Developer / Publisher – Ready at Dawn
Price – US $39.99 / EU €39.99 / UK £34.99
Release Date – July 20th, 2017
Input – Oculus Touch
Play Area – Sitting, Standing, Roomscale
Store – Oculus
Reviewed on – Oculus Rift
Lone Echo is, quite frankly, a glimpse into the future of what VR can achieve compared to traditional monitor/tv gaming. If this game was played outside of VR it would be a disappointment, yet I would rate it as my personal favorite VR game. It isn’t the longest, fastest, prettiest or most exciting game I have played but what it does right is immerse you in the story and really make you care. The game starts off with you “Jack” being a work robot programmed to assist the human captain Liv run a mining station that is orbiting Saturn.
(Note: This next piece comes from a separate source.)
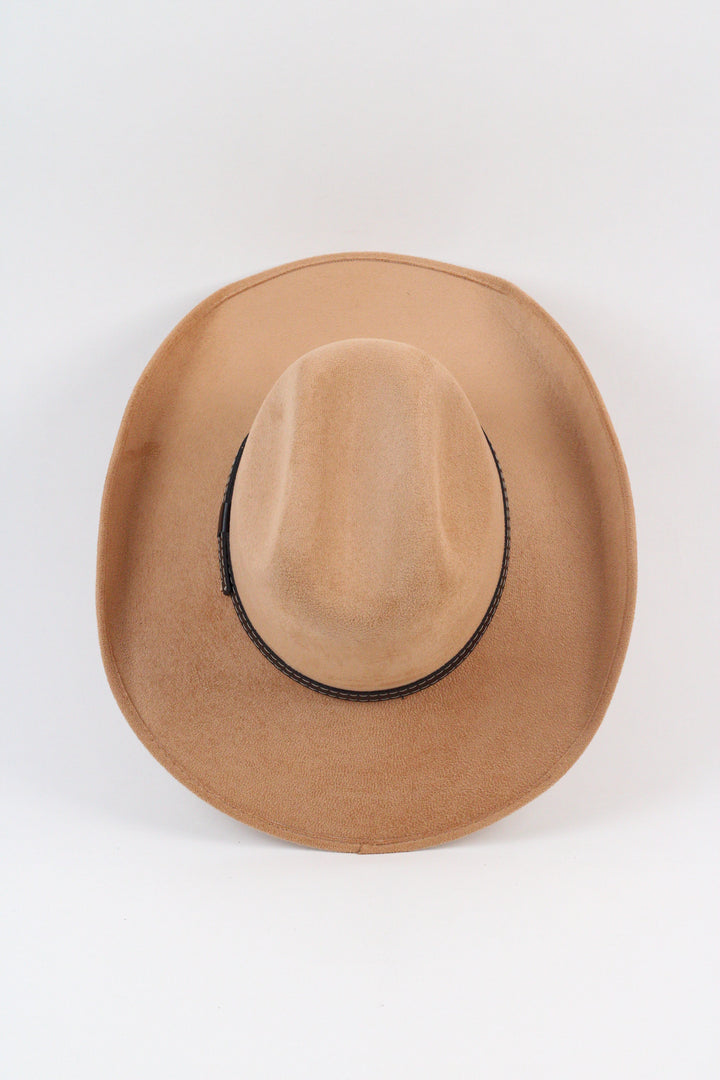 Austin Vegan Suede Cowboy Hat- Cappuccino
The setup is simple, but despite being a robot helper it is impressive how much of a connection you end up feeling with Liv.
The game has you “booting up” in a room with Liv. This bootup sequence is used as a mini tutorial that has you slowly “rebooting” different systems as needed providing you with a small task to accomplish using the new concept/tool. Motion is handled via momentum redirection using your hands, small rocket boosters on your wrists and a larger booster on your back. The wrist boosters provide small propulsion in the direction your hands face, while the back booster provides a big boost in the direction you are facing. The most accurate and easiest method to get around is to just use your hands and toss yourself in the direction you want to go. These concepts combined with the wonderful physics really make locomotion in this game a ton of fun.
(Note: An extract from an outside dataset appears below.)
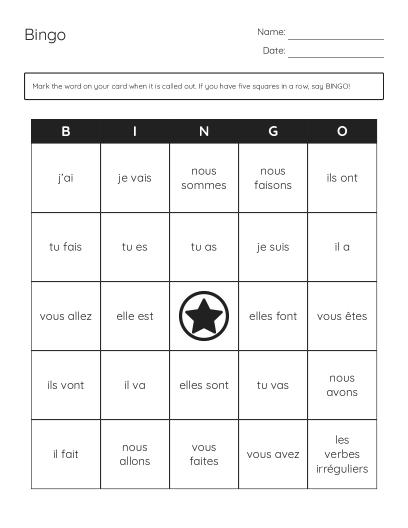 Free Printable High School Bingo Cards | BrightSprout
Your primary gameplay here is to float around in zero G and perform “tasks”. This sounds incredibly boring on paper, which is one of the reasons I point out that this really is a VR only experience. The other part that really brought me in was the connection with Liv, which due to her facial expressions and just interacting with her as if I was with her led me to feel more connected to her. I don’t want to spoil anything but do consider that the next sentence contains a mild spoiler, if you wish to skip it please proceed to the next paragraph. At one point in the game Liv’s life is threatened, I was so immersed in the moment that I attempted to fling my own virtual body between the source of danger and Liv.
You will also get to explore some beautiful sights, particularly the mining area around the rings of Saturn. Just floating around here is wonderful. The latter parts of the game are more indoor focused and are much less visually stunning but there are still moments scattered around. By the end, the story will most likely have you hooked so the less frequent sights won’t be too much of a bother. The game ran smoothly for me, but I have heard reports of it being stutter on systems with 8GB of ram or less.
There is also a multiplayer option that has really taken off in popularity. This is basically zero G basketball (or quidditch without the snitch for those who prefer a Harry Potter based analogy) pitting two teams against each other trying to get a disc through a goal on the other side. What makes this mode fun, is once again, the excellent movement system. I personally found it to be a fun distraction but since the sights and immersion are what really blew me away this was not much more than a side attraction for me.
What would I pay? I tend to be a little on the cheap side and I almost never recommend buying a game at full price, but this is an exception to me. The single player campaign lasted me only about 8 hours, but it was also one of the most interesting and impactful VR experiences I have yet had and fully recommend this game at the full price of $39.99.